Historian Richard Landes’ new website The Second Draft is now up and running (via Solomonia). One of the topics he covers is what he terms “Pallywood”: the way the Palestinians stage scenes for the benefit of Western media. Here Landes describes a visit to Charles Enderlin’s France2 studios in Jerusalem in October 2003, viewing some footage from Talal abu Rachmeh (the man responsible for the infamous Muhammad al-Dura pictures):
At one point, some youth are evacuating a “wounded” comrade, when one of them sees another ambulance with more cameramen. He put the wounded boy in a headlock and yanked him over to the other ambulance, dragging the other “evacuators” with him. The experience of watching Talal’s work was literally surreal, Alice in Wonderland. I was astonished. It gave me information vertigo. What was going on?
At another point, a boy faked a leg injury, but instead of drawing big kids who could pick him up and rush him past the cameramen to an ambulance, he only attracted little kids. He shooed them away, looked around, and, seeing that no one was coming to evacuate him, straightened up and walked away without a limp. An Israeli cameraman working for France2 who was watching the film with me and Enderlin at the time, laughed at this point. When I asked him why, he said, “because it looks so fake.” “That’s my impression as well,” I responded. Enderlin responded, “Oh, they do that all the time. It’s their cultural style. They exaggerate.”
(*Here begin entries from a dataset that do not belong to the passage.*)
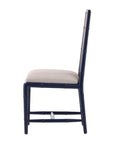 Casablanca - Side Chair - Blue / Light Brown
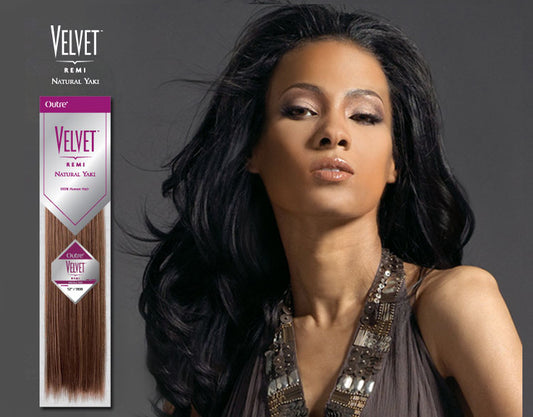 Outre Velvet Human Hair Remi Natural Yaki Wave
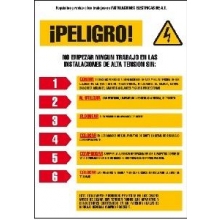 Señal Requisitos previos 200x300mm PVC 0,3mm NORMALUZ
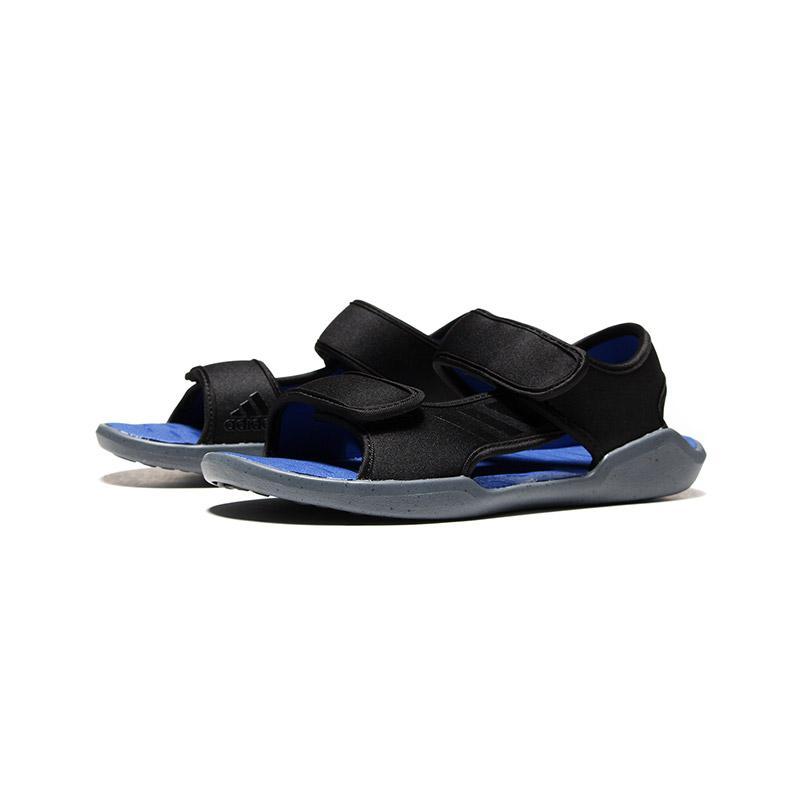 adidas阿迪达斯男童凉鞋休闲运动鞋DB1782 DB17821号黑色 /适合脚长215mm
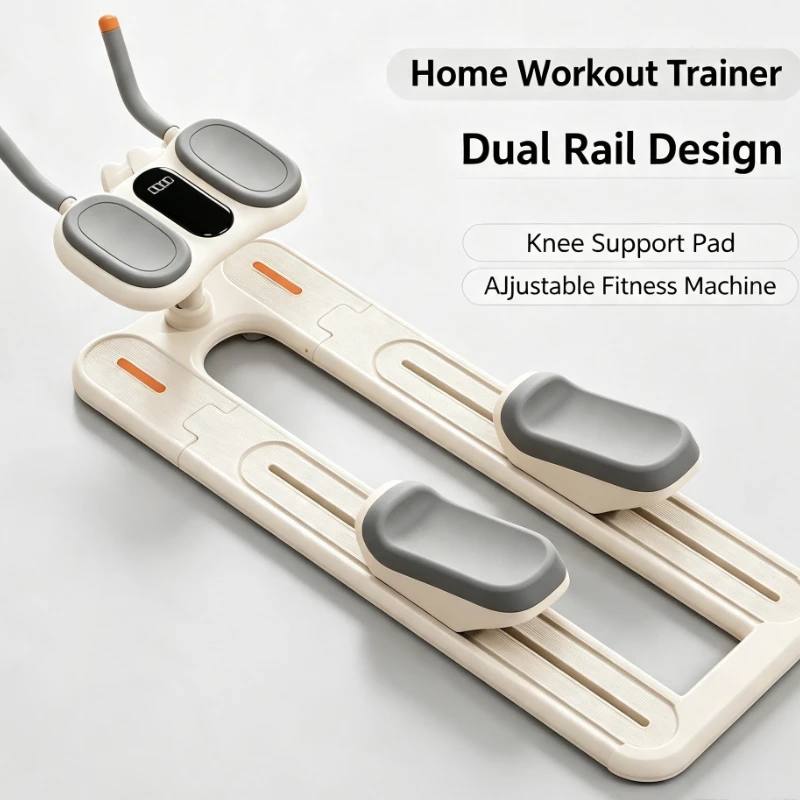 Home Fitness Abdominal Trainer Core Strength Exercise Machine With Digital Display Adjustable Resistance For Waist And Belly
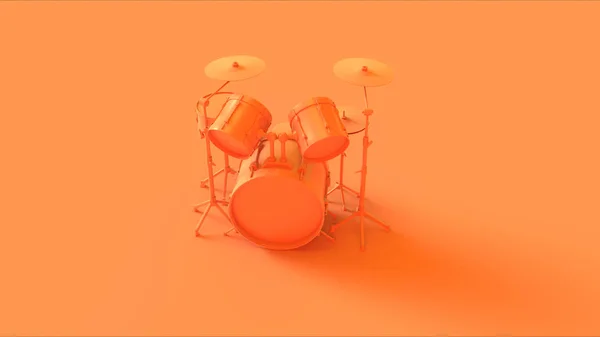 Turuncu Drum Kit Illüstrasyon — Stok fotoğraf
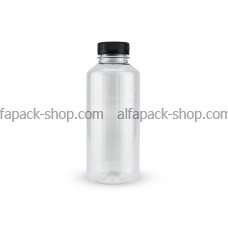 Бутылка 0,5 л прозрачная 38 мм горловина+пробка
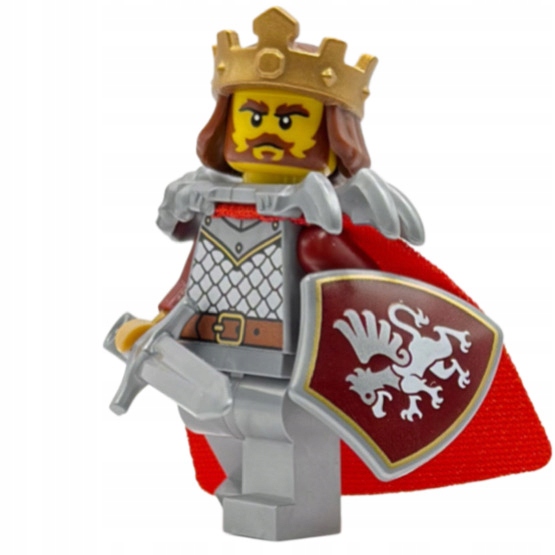 Lego figurka Král Gryfů figurka Castle Griffin King Knight unikátní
When I walked out of the office, I was in shock. They do this all the time!?! It’s their cultural style? Enderlin’s condescending “orientalism” really disguised an information catastrophe. The joke was on us all – the responsible media, the trusting public, the “scoop”-hungry journalists who rummaged through these cheap scenes, looking for something they could use in the evening’s broadcast. That’s when the term Pallywood first occurred to me.